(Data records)
┄┄┄┄┄┄
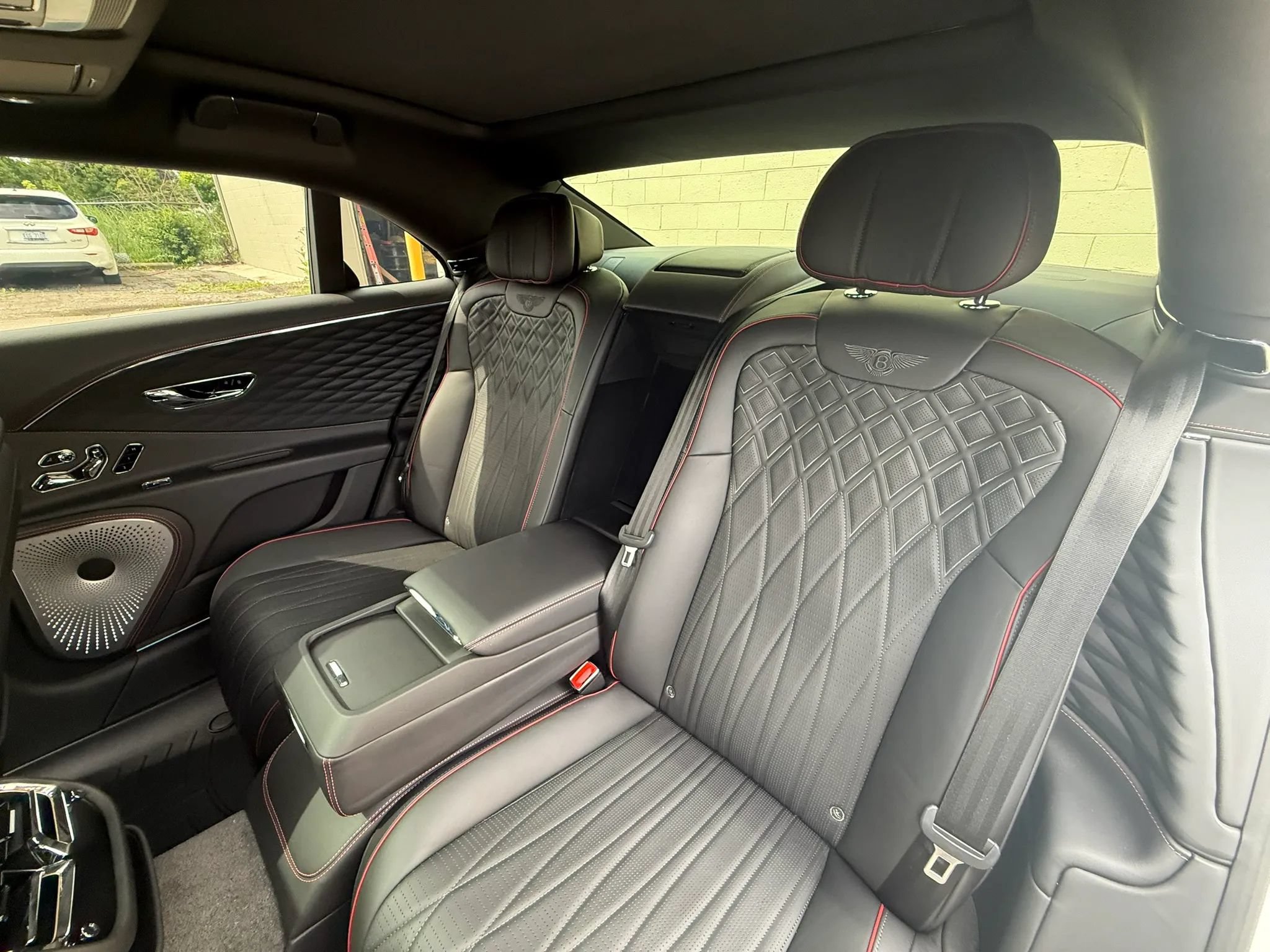 Used 2021 Bentley Flying Spur W12 AWD/4WD image 77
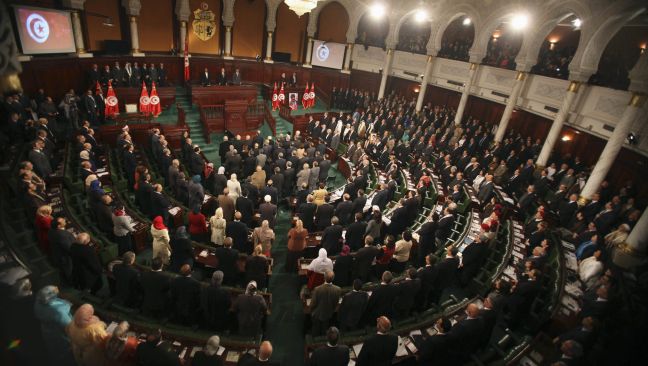 Τον Οκτώβριο θα διεξαχθούν οι βουλευτικές εκλογές στην Τυνησία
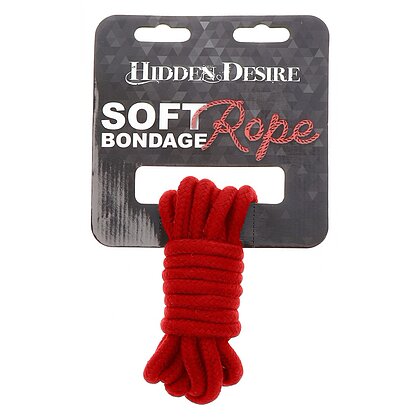 Frânghie Bondage Roșu 3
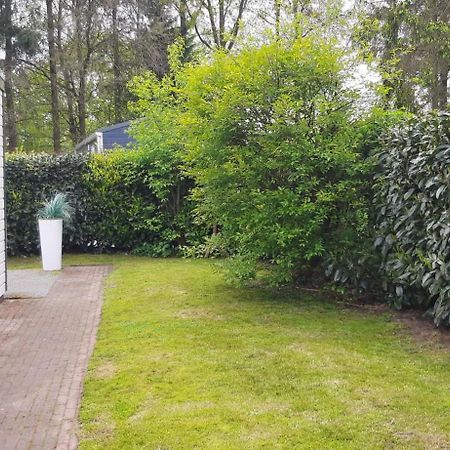 Chalet Veluwe G10 Veldkamp 4 Personen Epe Εξωτερικό φωτογραφία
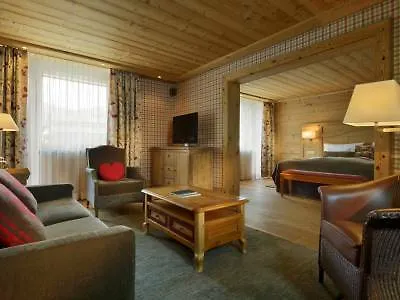 Mont Cervin Palace Отель Церматт
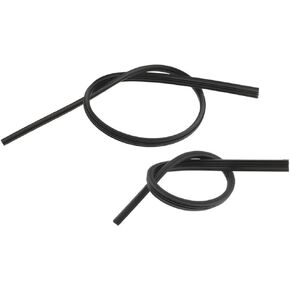 2Pcs Windshield Wiper Blade Inserts for Toyota Corolla 2014-2019, Rubber Refills Replacement Part 85214-0R040 85214-02340, Black(Wiper arm assembly) in Saudi Arabia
┄┄┄┄┄┄
__TASK STATEMENT__:
Apart from the pictures, set down all the entries above exactly.

__RESULT FOR THIS EXERCISE__:
 Used 2021 Bentley Flying Spur W12 AWD/4WD image 77
 Τον Οκτώβριο θα διεξαχθούν οι βουλευτικές εκλογές στην Τυνησία
 Frânghie Bondage Roșu 3
 Chalet Veluwe G10 Veldkamp 4 Personen Epe Εξωτερικό φωτογραφία
 Mont Cervin Palace Отель Церматт
 2Pcs Windshield Wiper Blade Inserts for Toyota Corolla 2014-2019, Rubber Refills Replacement Part 85214-0R040 85214-02340, Black(Wiper arm assembly) in Saudi Arabia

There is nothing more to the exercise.